Problem requirements :: Output must consist only of the lines of the material below from the one with "Taffware Walkie Talkie" through the one with "Contemporary furniture set components", each reproduced exactly; no pictures belong in it.

Task material ::
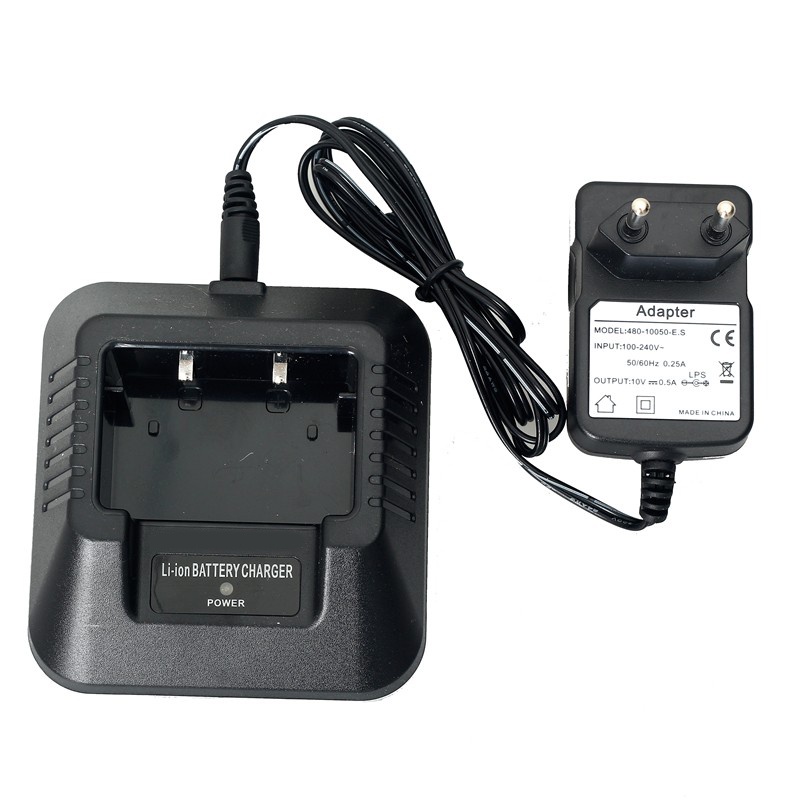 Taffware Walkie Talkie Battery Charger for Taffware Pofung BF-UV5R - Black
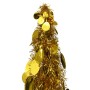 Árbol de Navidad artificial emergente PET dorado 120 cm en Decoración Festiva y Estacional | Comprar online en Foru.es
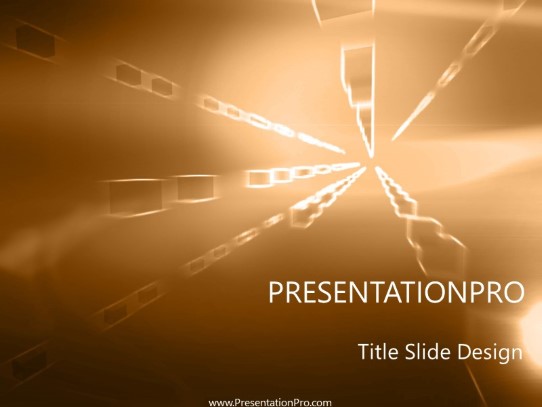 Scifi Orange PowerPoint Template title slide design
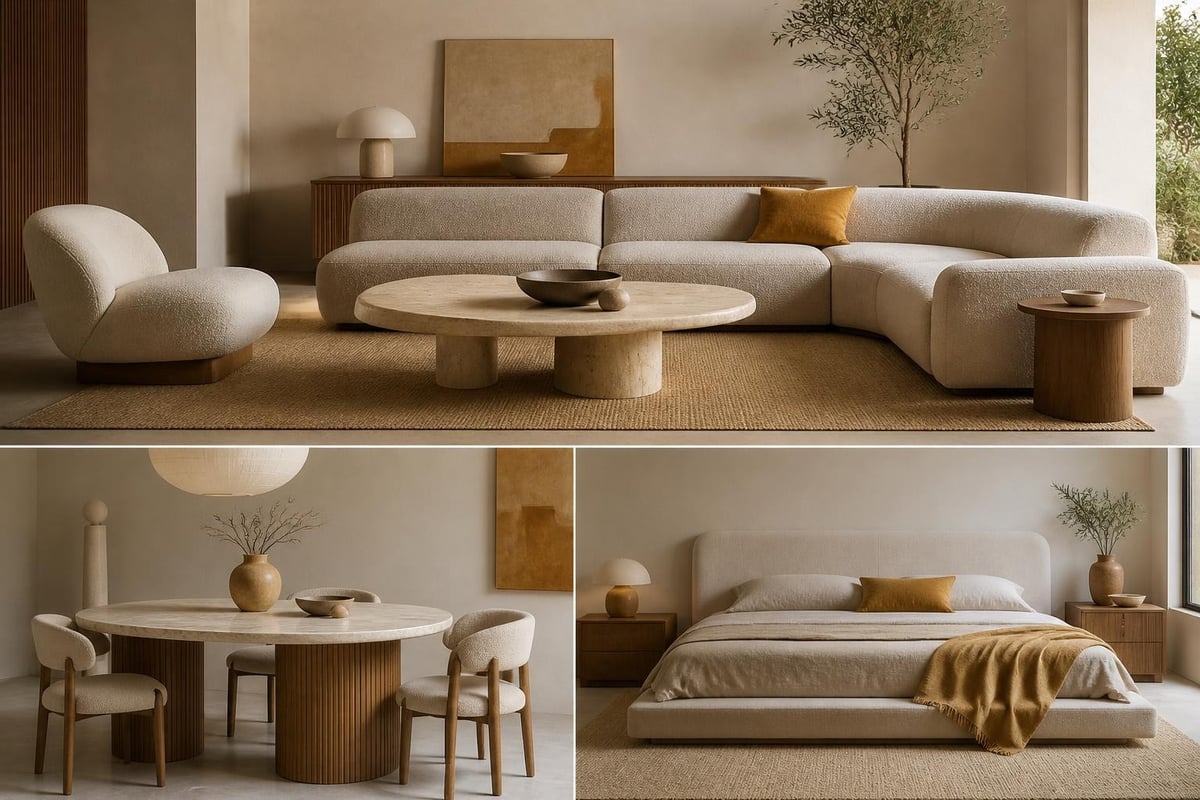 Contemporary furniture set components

---

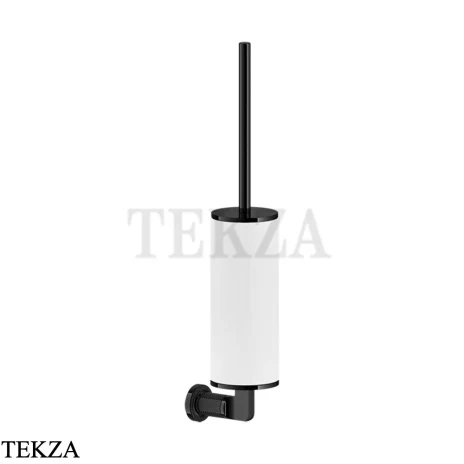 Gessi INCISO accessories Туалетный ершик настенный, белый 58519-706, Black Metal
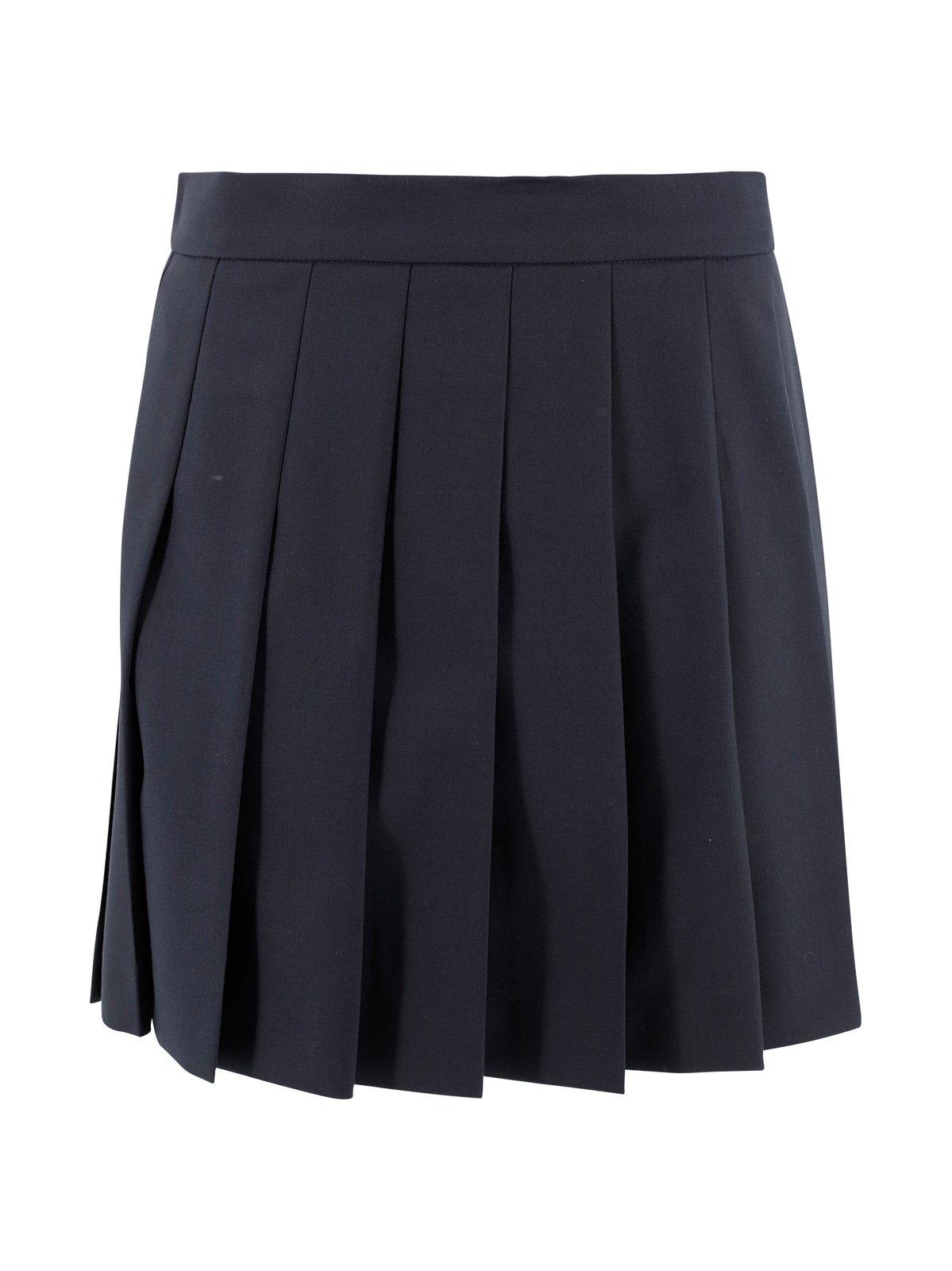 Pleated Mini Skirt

Your response ::
 Taffware Walkie Talkie Battery Charger for Taffware Pofung BF-UV5R - Black
 Árbol de Navidad artificial emergente PET dorado 120 cm en Decoración Festiva y Estacional | Comprar online en Foru.es
 Scifi Orange PowerPoint Template title slide design
 Contemporary furniture set components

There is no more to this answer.